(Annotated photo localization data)
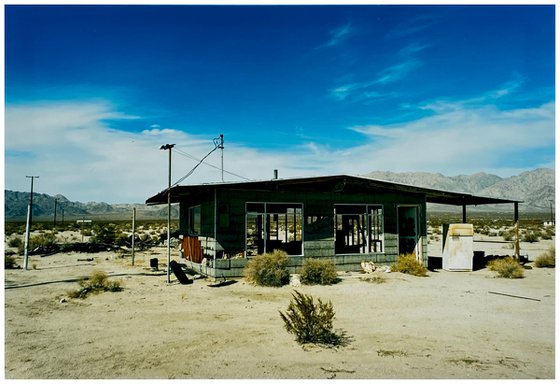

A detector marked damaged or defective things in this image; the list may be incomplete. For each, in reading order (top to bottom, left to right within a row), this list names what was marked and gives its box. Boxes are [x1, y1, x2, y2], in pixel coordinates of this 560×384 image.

broken window [246, 202, 302, 256]
broken window [334, 204, 382, 255]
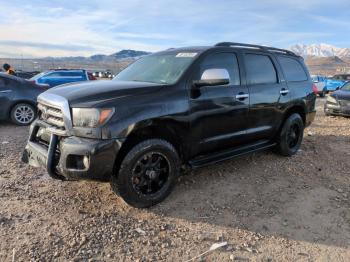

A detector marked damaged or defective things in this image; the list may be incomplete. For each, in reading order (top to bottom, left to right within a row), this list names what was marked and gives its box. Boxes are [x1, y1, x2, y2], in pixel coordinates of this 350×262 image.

damaged vehicle [21, 42, 318, 207]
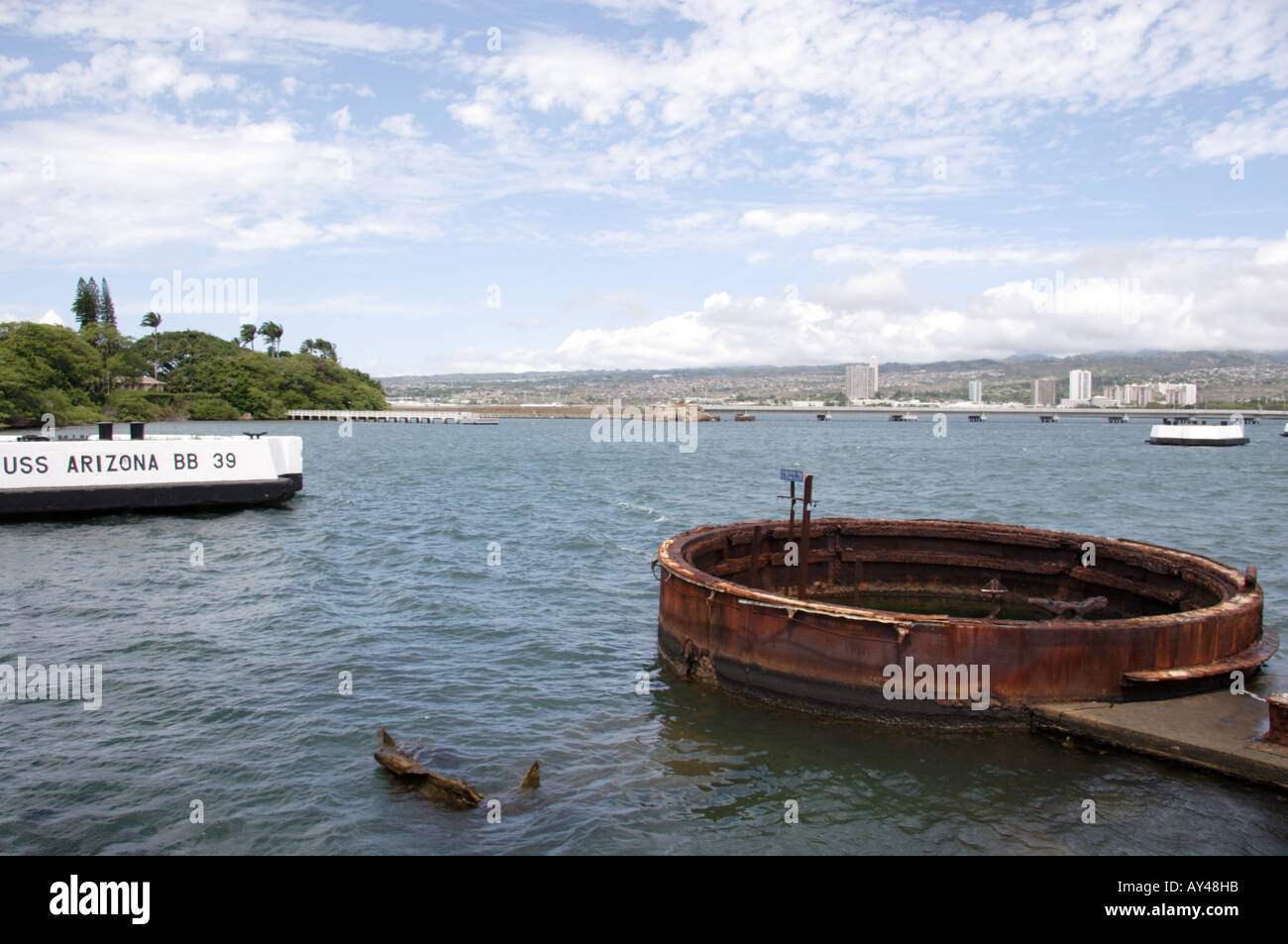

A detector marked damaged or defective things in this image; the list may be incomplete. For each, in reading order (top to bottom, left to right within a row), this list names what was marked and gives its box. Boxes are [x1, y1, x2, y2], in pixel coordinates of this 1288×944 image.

corroded metal structure [658, 515, 1268, 721]
rusty turret ring [654, 519, 1276, 717]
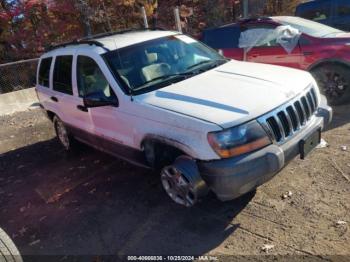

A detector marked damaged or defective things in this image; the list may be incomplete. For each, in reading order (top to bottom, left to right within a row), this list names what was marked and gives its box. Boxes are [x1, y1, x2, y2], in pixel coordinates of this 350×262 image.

damaged bumper [198, 95, 332, 201]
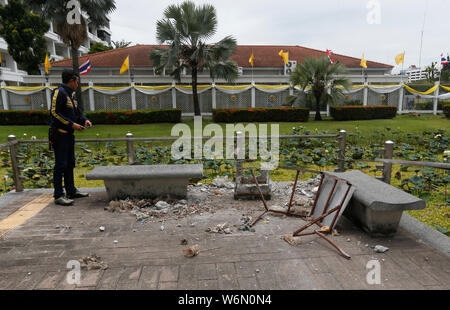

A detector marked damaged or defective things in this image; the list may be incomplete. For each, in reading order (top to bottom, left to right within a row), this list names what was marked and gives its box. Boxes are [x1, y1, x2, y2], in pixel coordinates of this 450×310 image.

**Brief**
From the line containing "this 1288×944 image." to the last line of the records above, return each line exactly, both ends included, and nothing more. Leave out the pictures.

**The answer**
A detector marked damaged or defective things in this image; the list may be incomplete. For each, in reading order (top to bottom, left to right within a row), this list names what was marked and gives its box. Boxes are [x1, y1, x2, y2], in pixel coordinates of this 1288×944 image.

corroded metal structure [658, 515, 1268, 721]
rusty turret ring [654, 519, 1276, 717]

A detector marked damaged or defective things in this image; the list may be incomplete. For each, in reading order (top to bottom, left to right within a row), this list names what was marked and gives its box. Boxes are [x1, y1, x2, y2], in pixel coordinates of this 350×262 image.

damaged bumper [198, 95, 332, 201]

A detector marked damaged or defective things in this image; the list may be incomplete. For each, in reading order (top to bottom, left to right within a row), this list names what was marked and gives its box. Boxes are [x1, y1, x2, y2], in pixel coordinates of this 450×310 image.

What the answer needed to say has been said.